Hello, welcome to my blog. In this post, I want to talk about the Bias-Variance trade-off which is a very important topic in Machine Learning. Before I do that let me lay the foundation. In my post on Linear Regression, I said that the goal of a linear regression model is to find parameters for our linear regression line that minimize the error between our predictions and the actual observations.
This does not only apply to linear regression; in fact that’s the goal of the majority of machine learning techniques. We want to minimize the error between what we predict and what we actually observe. This leads us to the 3 sources of error:
• Irreducible error
• Bias error
• Variance error
Irreducible error refers to error that exists due to noise in the data. This kind of error cannot be eliminated no matter how we try to optimize the parameters of our machine learning algorithm. This is because the function (i.e. the model) we use to estimate the relationship between the input variable(s) and the output is only an approximation of the true (target) function which is unknown. Therefore, we are always bound to have some error in our predictions. The next two types of error will be the major focus of this post. First, I will define two important terms:

BIAS
Bias are the simplifying assumptions made by an algorithm in order to make the target function easier to learn. Machine Learning (ML) algorithms with a high bias are inflexible, simple and may have few parameters. ML algorithms with low bias are flexible, can be complex and potentially may have lots of parameters. Examples of high bias ML algorithms are linear regression and logistic regression.

VARIANCE
Variance refers to the amount the estimate of the target function will change if a different data was used for training. Even though the estimation of the target function will change for a different dataset, we do not want the change to be too much for various datasets meaning that the model is able to capture the underlying pattern between the input and output variables. ML algorithms with high variance tend to be very flexible and are able to capture subtle relationships in the training data. Examples of high variance ML algorithms are decision trees, k-nearest neighbours and support vector machines.
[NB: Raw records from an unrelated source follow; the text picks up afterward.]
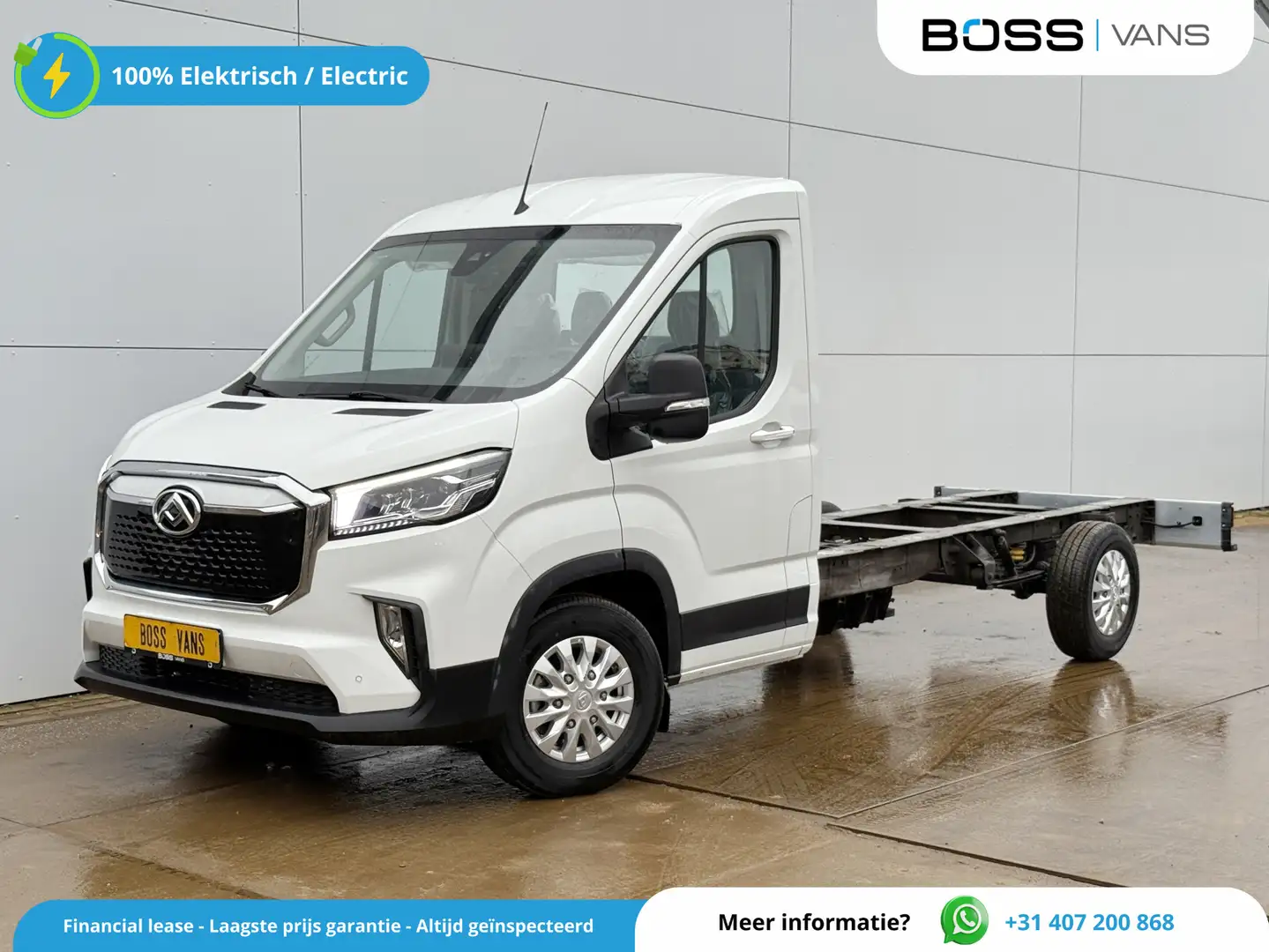Maxus eDeliver 9 204PK 65kWh Nieuw! Elektrisch 172km WLTP LED ACC 8 Blanco - 1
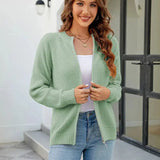 Elegante cardigan autunnale con cerniera BRITANY per un'eleganza senza sforzo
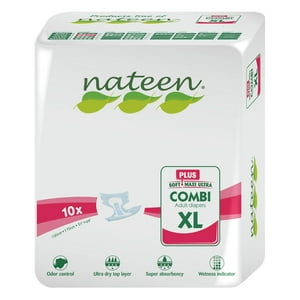 Nateen - Pañal Adulto Combi Plus Xl - 10 Unidades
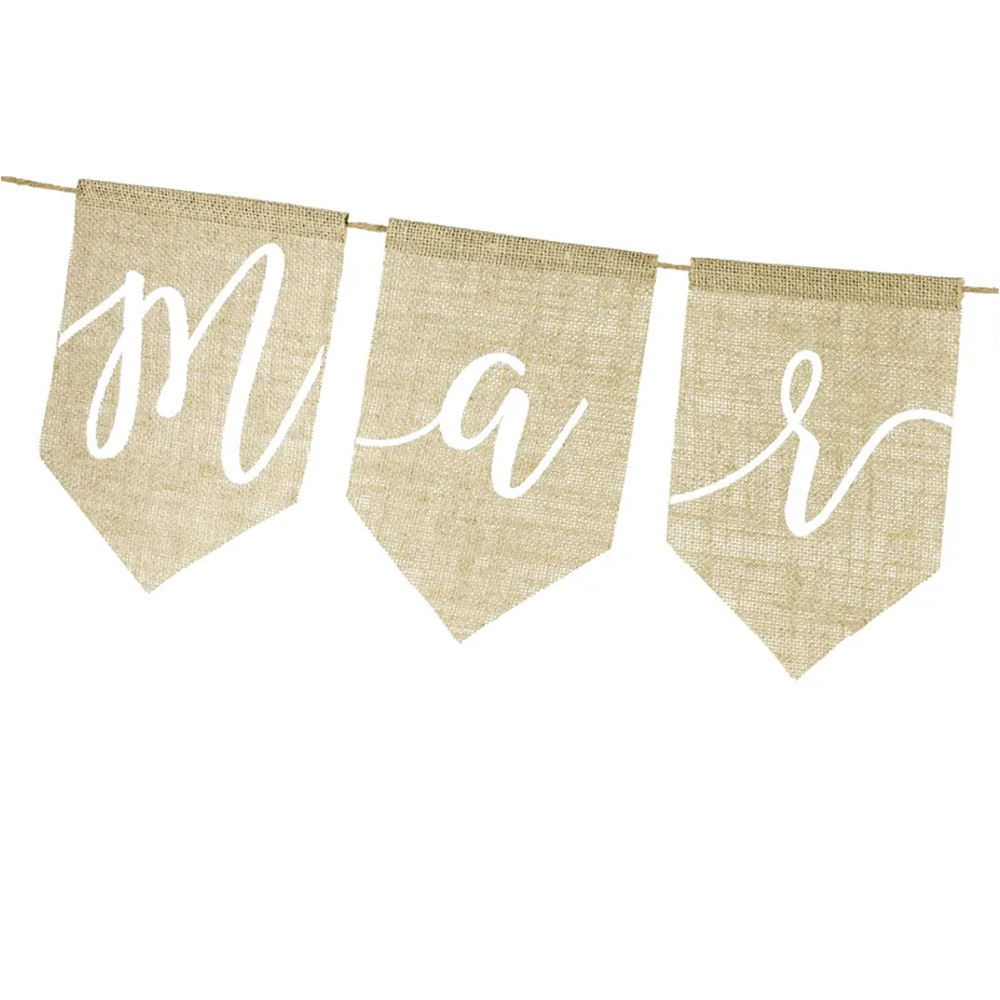 BANNER JUST MARRIED 23X185CM - Image 3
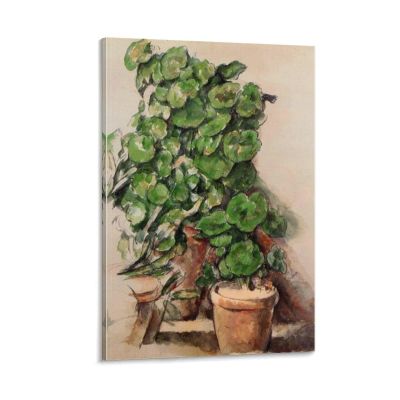 HomeLoft Basics Paul Cezanne Print Painting Pots of Geraniums Gifts Canvas Painting Poster Wall Art Decorative Picture Prints Modern Decor Framed-unframed 08x12inch(20x30cm)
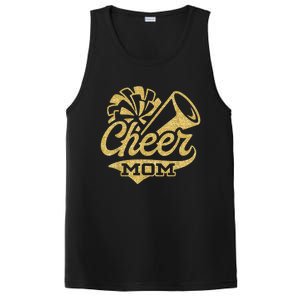 Cheerleader Black Yellow Gold Pom Pom Meaningful Gift PosiCharge Competitor Tank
HOW DO THESE LEAD TO ERROR?
Bias Error: If a model has high bias it will make prediction errors because it fits the relationship between the input and output variables using a simple estimate of the target function which is rarely the case in real-life. This simple estimate is bound to make errors if it is used for prediction. This problem is called underfitting. I like to think of this as a student who does not prepare well for an examination. Clearly, this student is bound to fail the examination.

Variance Error: A model has high variance might perform well on the training data because it is flexible enough to capture the relationship between the input and output variables. Good right? Not really, this is because if the model fits the training data too well it may perform poorly on future data which is obviously a problem. This problem is called overfitting. Using the same student analogy, a model with high variance is like a student who reads the study material too well to the point of cramming it. While he may pass a question based on the study material (training data), he will fail questions that do not originate from the study material which is likely for an examination (future data). Like the previous student he is bound to also fail the examination.